Step 225 discloses the computerized system capturing the presenter's background prior to capturing the video shot. In some cases, capturing the background may take a predefined duration, in terms of seconds, and terminate with an alert, a notification or a message displayed on the display device of the presenter's computerized mobile device. Step 225 is an optional step and might be unnecessary, for example using a blue/green screen or with matting algorithms, for example algorithms that require a scribble interface.
Step 230 discloses issuing an alert which indicates to the presenter when capturing the video shot begins. The alert may be a played sound. For example in a countdown from five to zero. The alert may be played by the display device of the presenter's computerized device. In some cases, the computerized system may be configured to start automatically to capture the video shot, after the alert has finished. Step 235 discloses displaying script on a display device of the computerized device during the time the video shot is captured. This step is also optional as some presenters do not need the script while taking the video shot. Moreover, some presenters may prefer using a rear camera of the computerized device, so they cannot see the screen with the script. The script may be displayed in a predefined speed, for example as inputted by the presenter prior to the video shot. The script may enable the presenter the possibility to be a sole creator of a quality video and save time in preparing to a video shot, without the necessity of memorizing the script nor with an aid of a crew in addition to the presenter.
Step 240 discloses adjusting video content properties according to a presenter input after capturing a video shot. Such video properties may be the teleprompter progress setting, audio level, location of the presenter and the like. Said adjustment may be performed via a specific interface as detailed below.
Step 245 discloses trimming the video file to an audio track captured by the mobile electronic device while capturing video content. Trimming the video file improves the video, for example by removing parts of the video in which the presenter does not speak. Naturally, the presenter may pause speaking, for example when breathing, and the trimming comprises identifying time slots in the video file that are longer than the natural breaks. The trimming discloses identifying audio levels throughout the video timeline, for example the audio levels in various time intervals throughout the video shot. Trimming the video may also remove a section in the video in which a background noise interferes with hearing the presenter's voice. Step 250 discloses receiving a user confirmation to upload the video file from the mobile electronic device to a predefined destination.

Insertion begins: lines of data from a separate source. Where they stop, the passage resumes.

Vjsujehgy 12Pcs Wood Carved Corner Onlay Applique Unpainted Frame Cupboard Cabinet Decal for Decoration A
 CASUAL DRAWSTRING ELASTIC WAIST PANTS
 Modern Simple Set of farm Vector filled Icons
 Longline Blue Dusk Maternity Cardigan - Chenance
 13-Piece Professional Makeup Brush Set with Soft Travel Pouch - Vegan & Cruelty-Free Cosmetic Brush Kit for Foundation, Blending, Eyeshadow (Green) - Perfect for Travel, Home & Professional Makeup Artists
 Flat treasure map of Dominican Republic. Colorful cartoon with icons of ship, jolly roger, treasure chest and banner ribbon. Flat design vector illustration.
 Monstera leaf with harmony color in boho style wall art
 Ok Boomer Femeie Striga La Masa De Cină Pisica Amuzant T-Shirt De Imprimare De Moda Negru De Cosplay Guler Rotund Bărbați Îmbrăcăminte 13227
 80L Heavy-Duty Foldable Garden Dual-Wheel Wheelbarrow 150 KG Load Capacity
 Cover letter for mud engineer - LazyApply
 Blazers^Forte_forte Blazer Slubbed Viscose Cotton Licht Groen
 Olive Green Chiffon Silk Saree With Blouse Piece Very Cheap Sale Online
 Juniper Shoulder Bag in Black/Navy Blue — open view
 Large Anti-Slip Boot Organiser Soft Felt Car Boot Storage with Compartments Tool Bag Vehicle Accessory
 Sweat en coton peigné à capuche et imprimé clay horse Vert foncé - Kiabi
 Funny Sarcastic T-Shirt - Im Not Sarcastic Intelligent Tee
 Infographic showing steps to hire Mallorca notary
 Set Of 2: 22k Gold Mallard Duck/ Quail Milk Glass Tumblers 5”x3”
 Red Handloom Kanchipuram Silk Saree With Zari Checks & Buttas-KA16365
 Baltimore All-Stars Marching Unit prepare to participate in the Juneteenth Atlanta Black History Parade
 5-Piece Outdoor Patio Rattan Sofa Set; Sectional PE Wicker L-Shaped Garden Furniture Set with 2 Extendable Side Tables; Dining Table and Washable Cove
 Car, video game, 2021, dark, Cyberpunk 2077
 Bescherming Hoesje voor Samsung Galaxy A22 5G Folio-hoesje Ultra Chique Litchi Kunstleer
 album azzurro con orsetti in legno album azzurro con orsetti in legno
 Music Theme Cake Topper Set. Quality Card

The display device interface 605 comprises an auto-trim button 620 enables the presenter to automatically trim the video to the audio. For example, in case the video file is displayed in the display device interface 605 and the presenter decide to trim the video file in order to cut-out parts of silence, the presenter may utilize the auto-trim button 620 to clean-out the parts with the silence. In one embodiment the computerized system automatically identifies intervals in the video of a minimal predefined duration, for example 0.5 sec as indicated by the “Trim Level settings”. In some exemplary cases, the computerized system determines whether the audio level in the intervals is higher than a predefined threshold, and if the audio is lower than the threshold, the interval is marked for further processing. Trimming also allows to automatically pre-select a subset of the script recorded by the presenter in order to keep it as part of the final video file.
Display device interface 605 also comprises an upload 650 in order to upload the video file to a content control system as disclosed above, and save it with via save button 655. The display device interface 605 also comprises background button 625 utilized to add a virtual background to the video content, for example a background represented by an image, or a color can be added to the video content. In some cases, the presenter can press the auto trim button, the video goes to the beginning of next audio section where the following progression is performed. The background button 625 may also introduce a green-screen option to the presenter. Thus, upon choosing the green-screen option, the presenter may be able to pick a particular space or a specific color, and to convert it to a green-screen space. The presenter may be able to add diverse virtual backgrounds as wallpapers attached to the green-screen space In case the user wished to adjust the background, any other computerized system operated on a user device can be applied to change the background of the video behind the presenter. The presenter may also adjust the lighting in the area where the video is captured. The same video file can be saved in several versions with various computerized systems operated on different user devices, for example to enable the video file to be branded differently for varied customer types. In some cases, the computerized system may begin capturing the video automatically when the presenter's voice is detected.
The scene interface 705 may also enable the presenter to create a sequence of video from a social network post, or from content residing at a link. The sequence of video comprises several items extracted from the link, for example the sequence begins with an image or several images, then the text, and the presenter has it all automatically. The presenter can select the content or the link according to results from the search query generated according to the script. In such search query the key words which may be needed to be used can be automatically identified by the script and then the query is generated. In some cases, the video sequence is generated using a predefined automated template. For example, some templates define the difference level in the components of a social network post should be presented in the video sequence. For example, generating a video from the tweet of Tweeter icon 735 and locate it above the scene box such as scene box 715.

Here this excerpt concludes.